Similar to the notion of h-adaptivity, where the discretization resolution is adaptively changed, I propose the notion of model adaptivity, where the underlying model (the governing equations) is adaptively changed in space and time. Specifically, this work introduces a hybrid and adaptive coupling of a 3D bulk fluid flow model with a 2D thin film flow model. As a result, this work extends the applicability of existing thin film flow models to complex scenarios where, for example, bulk flow develops into thin films after striking a surface. At each location in space and time, the proposed framework automatically decides whether a 3D model or a 2D model must be applied.
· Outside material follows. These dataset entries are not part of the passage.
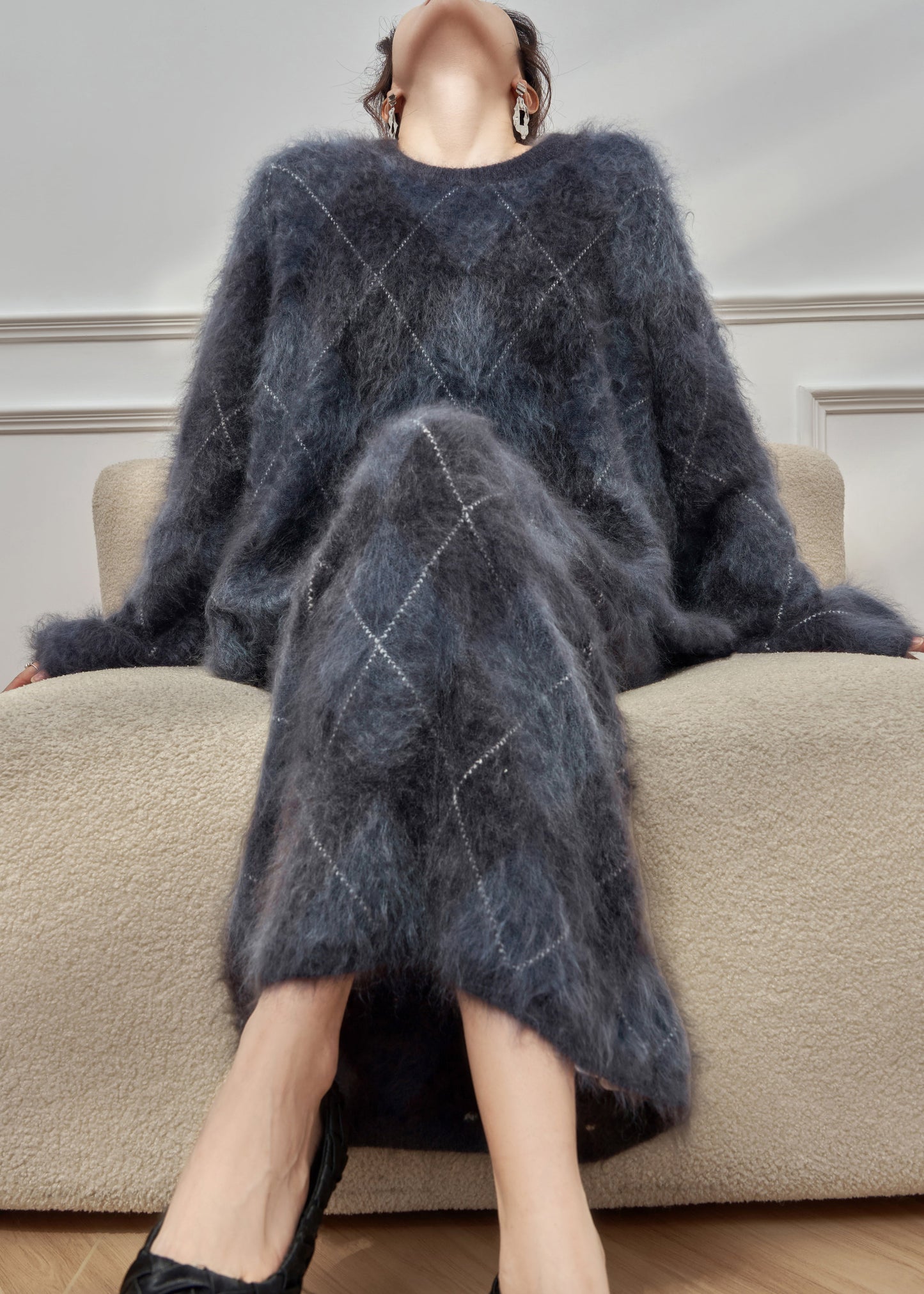 Plaid O Neck Cweaters and Skirts Ma Hai Mao Two Pieces Set Winter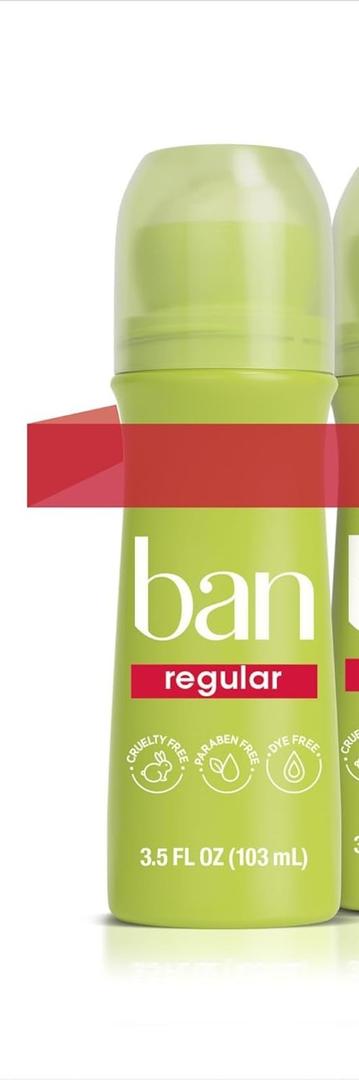 Ban Invisible Roll-on Antiperspirant Deodorant for Women and Men, 24-hour Underarm Odor & Sweat Protection, Regular Scent, 3.5 Oz, Pack of 1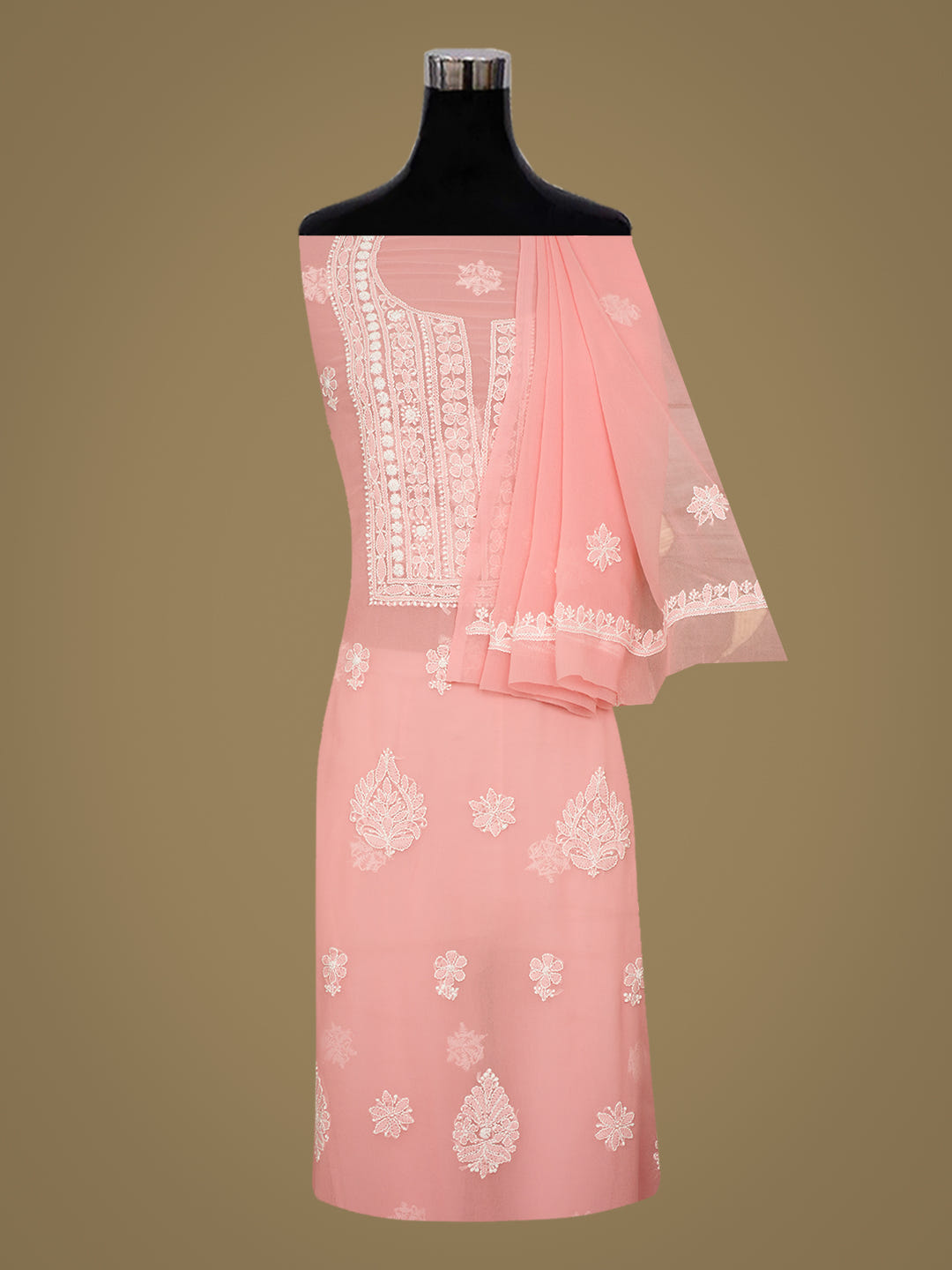 Ada Hand Embroidered Peach Faux Georgette Lucknowi Chikankari Unstitched Suit Piece 01A977889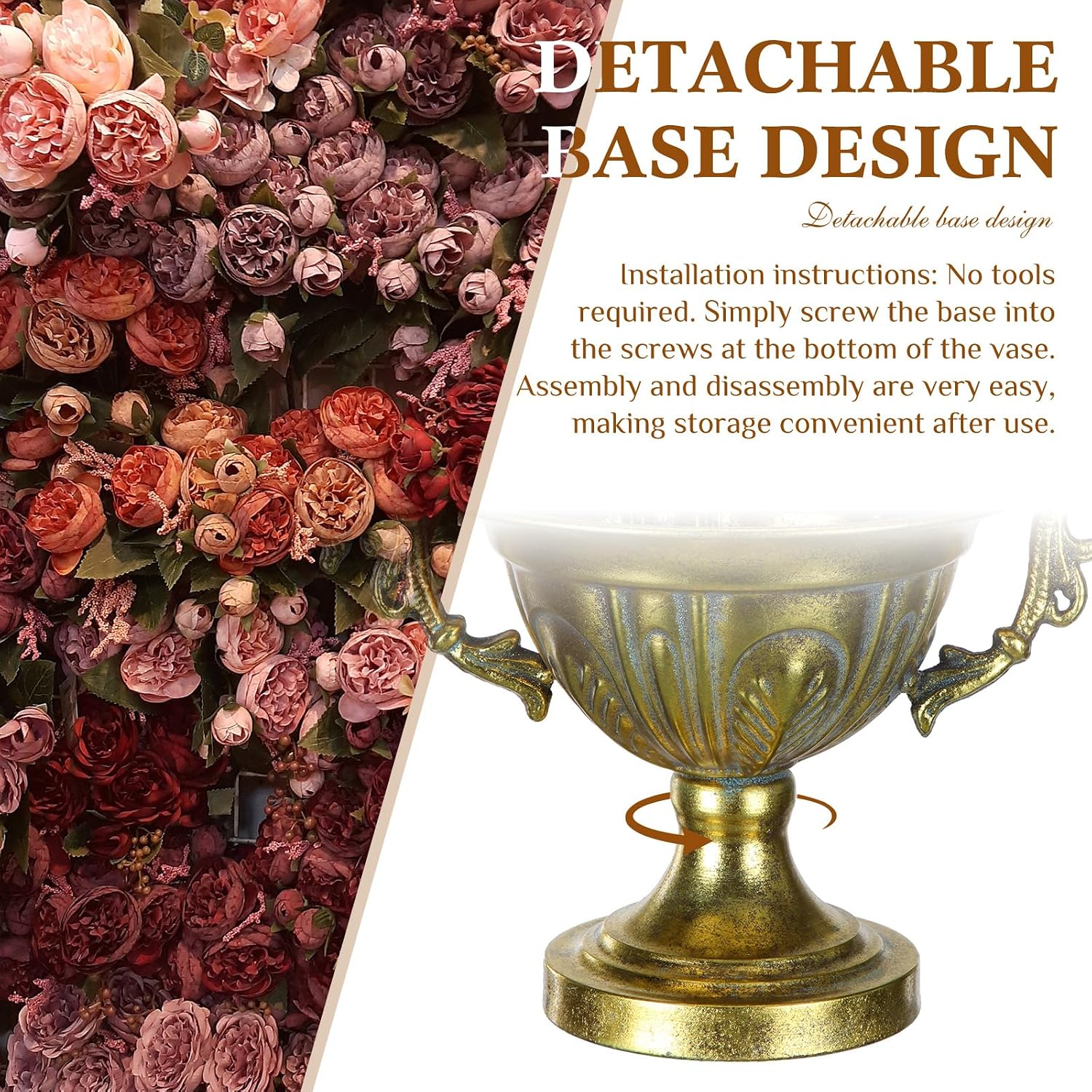 2 Pcs Golden Urn Flower Vase for Centerpieces 10.7" w x 7.1" h Vintage Iron Flower Vase Decorative Compote Pedestal Antique Urn Flowers Pot for Wedding Centerpieces Home Floral Arrangement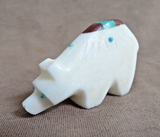 Native Zuni White Marble Bear w Inlay Fetish Carving by Brandon Phillips - C4865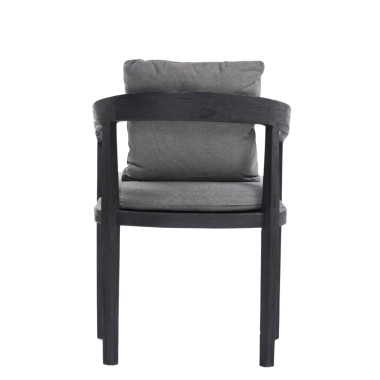 VENTO Chair – Black Frame & Grey Cushions | Sezon Dekor
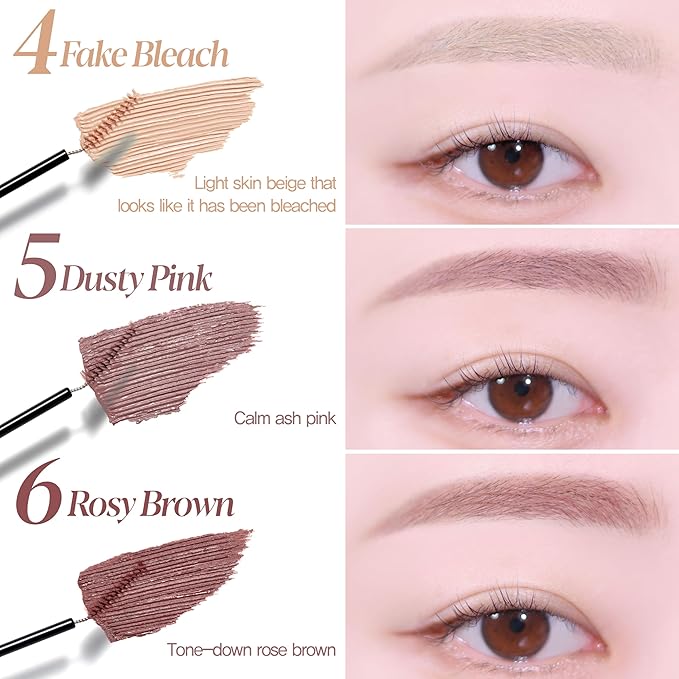 Espoir The Brow Color Fixing Cara #4 Fake Bleach | Easy Fixing without Clumping with Skinny Brush, Long-Lasting & Smudge-proof Eyebrow Mascara, Soft Mood Coloring Tinted Gel, Korean Makeup, 0.1 Fl Oz.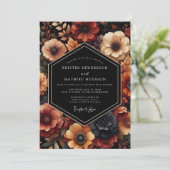 Deep Red Floral Autumn Wedding 招待状 (スタンド正面)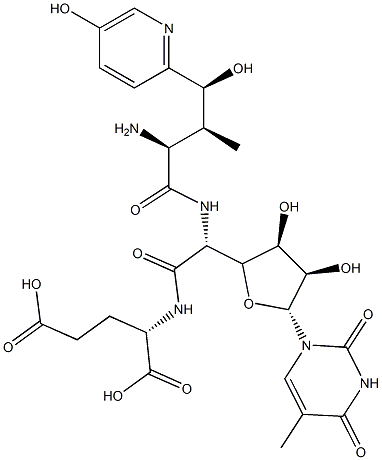 N-[2-[(2R)-5α-(3,4-Dihydro-5-methyl-2,4-dioxopyrimidin-1(2H)-yl)tetrahydro-3β,4β-dihydroxyfuran-2α-yl]-N-[(3S,4S)-4-hydroxy-4-(5-hydroxypyridin-2-yl)-L-valyl]-L-glycyl]-L-glutamic acid Structure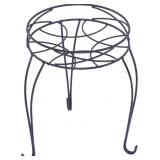 13-INCH ROUND MATTE BLACK METAL PLANT STAND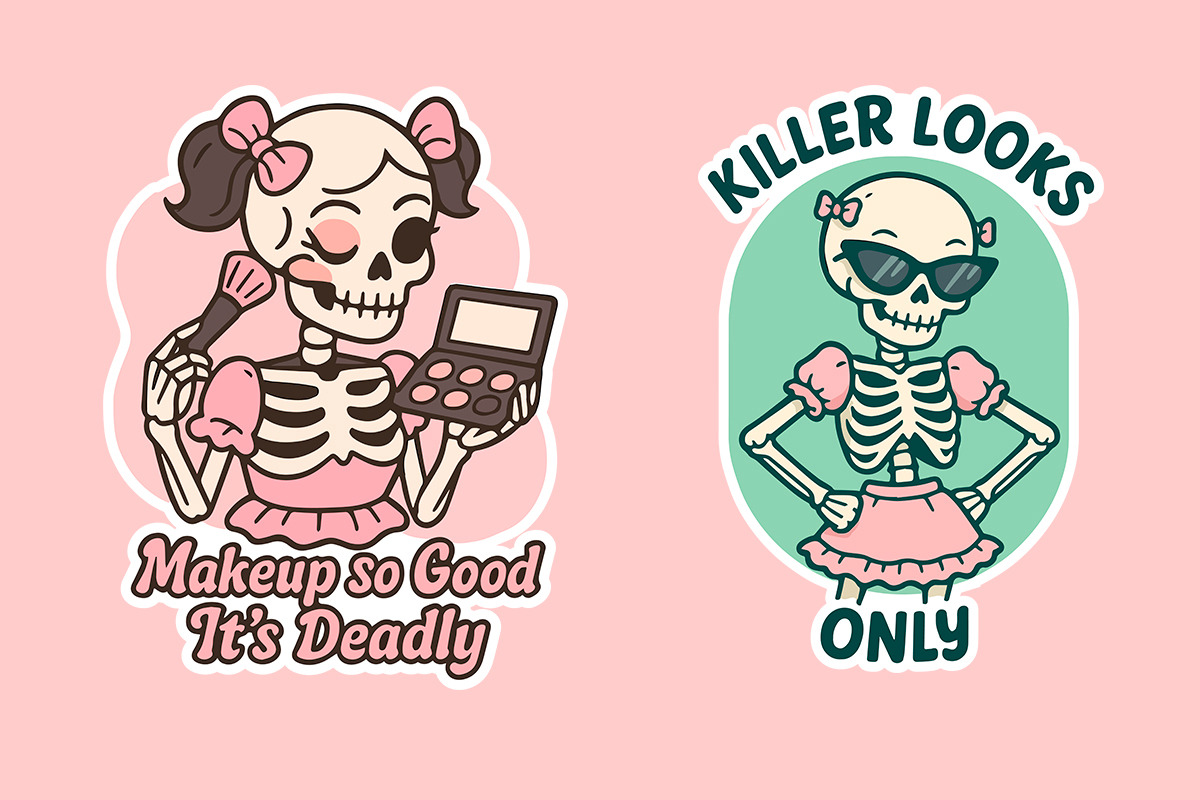 Coquette Skeletons Halloween SVG PNG, an Object Graphic by LaVika (Photo 6 of 13)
Using a meshless approach for both 3D and 2D models, at each particle, the decision to apply a 2D or 3D model is based on the user-prescribed resolution and a local principal component analysis. When a particle needs to be changed from a 3D model to 2D, or vice versa, the discretization is changed, and all relevant data mapping is done on-the-fly. Appropriate two-way coupling conditions and mass conservation considerations between the 3D and 2D models are also developed. Numerical results show that this model adaptive framework shows higher flexibility and compares well against finely resolved 3D simulations. In an actual application scenario, a 3 factor speed up is obtained, while maintaining the accuracy of the solution.

翻译：类似于h-自适应（即离散化分辨率自适应变化）的概念，本文提出了模型自适应的概念，即基础模型（控制方程）在空间和时间上自适应地改变。具体而言，本研究引入了一种三维体流体流动模型与二维薄膜流动模型的混合自适应耦合方法。因此，本研究将现有薄膜流动模型的适用范围扩展到了复杂场景，例如体流体冲击表面后发展为薄膜流动的情形。在所提出的框架中，每个空间位置和时刻都会自动决定应采用三维模型还是二维模型。通过对三维和二维模型均采用无网格方法，针对每个粒子，基于用户预设的分辨率和局部主成分分析来决定应用二维或三维模型。当粒子需要从三维模型转换为二维模型（或反之）时，离散化方式将相应改变，所有相关的数据映射均实时完成。本文还建立了三维与二维模型之间适当的双向耦合条件及质量守恒考量。数值结果表明，该模型自适应框架展现出更高的灵活性，并与高分辨率三维模拟结果吻合良好。在实际应用场景中，在保持求解精度的同时实现了三倍的速度提升。